From a digital perspective, Cyber Monday continues to maintain its momentum, while Black Friday loses some steam. But the more subtle pattern is that Internet traffic shows less intense spikes on retail holidays than in previous years; instead, traffic is becoming more evenly spread throughout the season. Cyber Monday is evolving into Cyber Week and beyond; in consumers’ minds, it increasingly feels like every day is Cyber Monday. 

We’ll explore the broadening of retail holidays through the lens of the digital performance of two behemoths: Amazon and Walmart.

Cyber Monday > Black Friday

This year, Amazon got about 4.5% more traffic on Cyber Monday than on Black Friday, almost exactly the same percentage bump as last year. This hasn’t always been the case; in 2015, the (almost) pure-play e-tailer got more traffic on Black Friday than on Cyber Monday. 

For Walmart, whose historical success has obviously been more about bricks than clicks, Black Friday continues to generate more traffic than Cyber Monday. But the gap continues to narrow. Wal-Mart’s 2017 Black Friday traffic was about 6% lower than last year, while its Cyber Monday traffic rose 5%.



Every Day Is Becoming Cyber Monday

Amazon traffic on both retail holidays was down nearly 8% from 2016, figures that in isolation suggest a weaker holiday season this year. But in fact, if we look at the buildup and aftermath of the retail holidays, we find that broader traffic volume throughout the 2017 holiday season is almost exactly on par with last year.  

Looking at a 25-day period — Black Friday, plus the 12 days before, and the 12 days after — reveals that Amazon’s traffic is almost identical to last year (1.904 billion visits in 2017, versus 1.908 billion in 2016, a difference of less than one-half of 1%).  

If we look at traffic over this 25-day period as a percentage of Black Friday traffic, we can see the smoothing out of traffic over time more visually. On the 12 days before Black Friday, traffic in 2016 averaged 62% of Black Friday’s eventual traffic; in 2017, that figure rose to 74%. On the 12 days after Black Friday, 2016 traffic averaged 69% of eventual Black Friday traffic; in 2017, that figure rose to 79%.  

Walmart shows a similar, if less dramatic, “smoothing” over time. Its 2017 Black Friday traffic was 6% lower than in 2016, but its overall traffic in the 25-day period is up 3%.

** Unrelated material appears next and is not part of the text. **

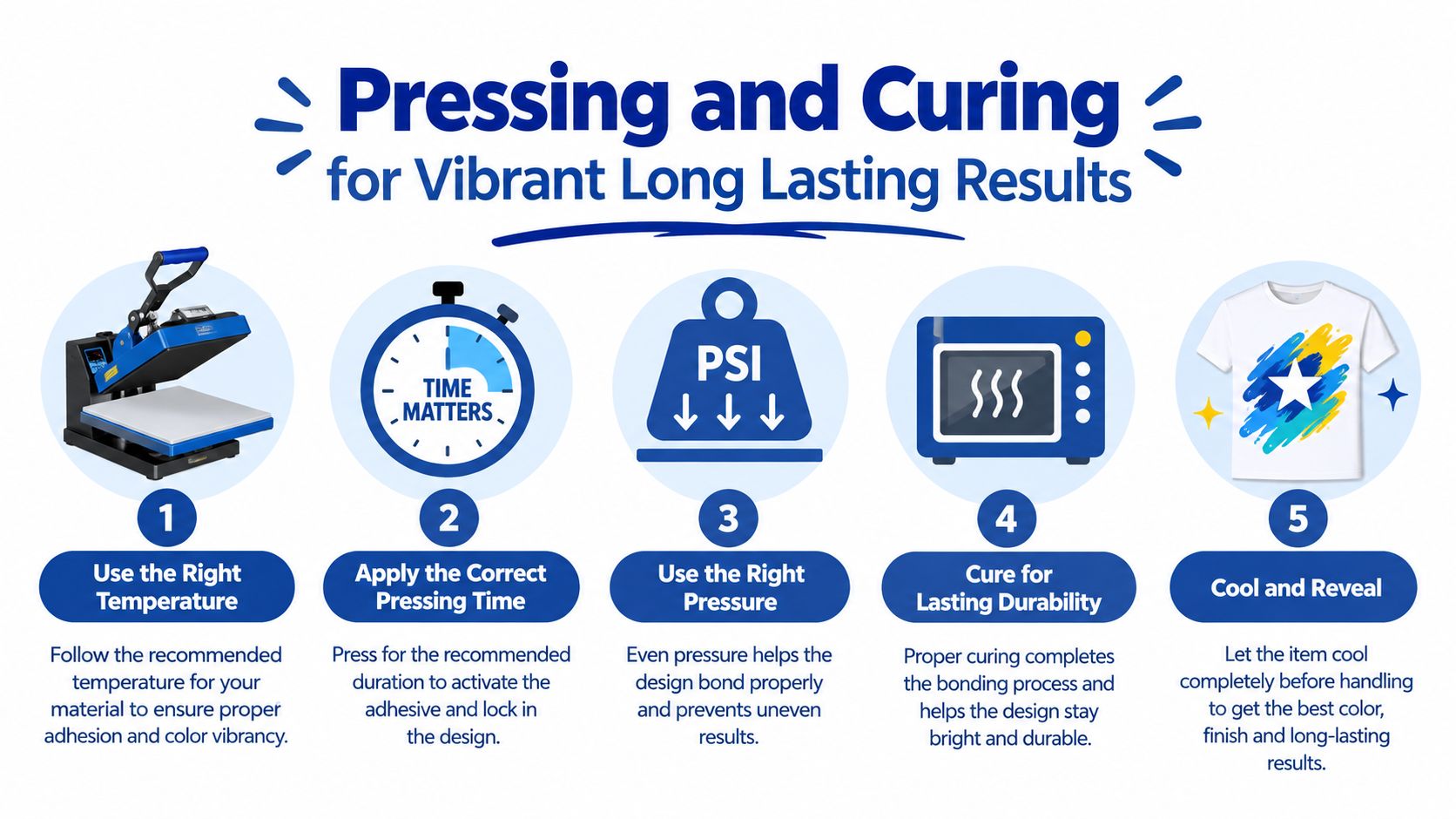 A five-step infographic explaining the pressing and curing process for vibrant, long-lasting DTF clothing designs.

Overall, the broadening of retail holidays is a mixed bag for retailers and brands. Broadening holidays over multiple days likely brings in new buyers and more dollars, but even if it just spreads out existing demand, there’s some benefit to that as well. Remember that Black Friday got its name from being the day when retailers turned profitable for the year. And that’s a situation no business would choose — in the red 90% of the year, with end-of-year volatility that makes forecasting and inventory management very difficult. (Broadening demand throughout the year is also why Amazon put Prime Day in July).

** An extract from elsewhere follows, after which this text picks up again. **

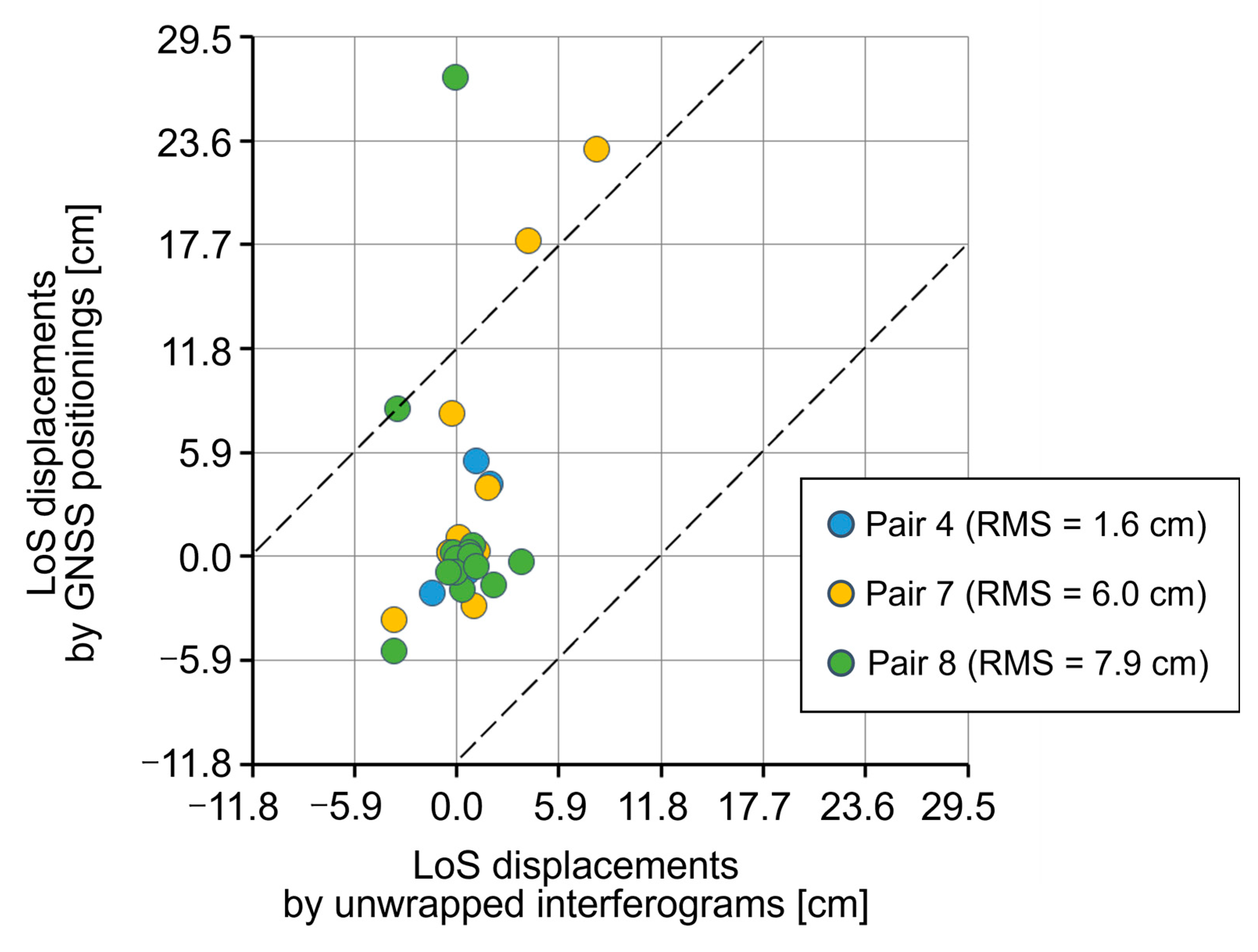 Remotesensing 16 02687 g010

On the other hand, Cyber Monday obviously loses some motivating power when every day feels like Cyber Monday, and the “everything’s on sale all the time” vibe undermines brands’ pricing power and consumers’ perceptions of value. Still, at least to some extent, these retail holidays “work” for brands, so expect more of them, and expect them to expand from single-day events to “mini-seasons.”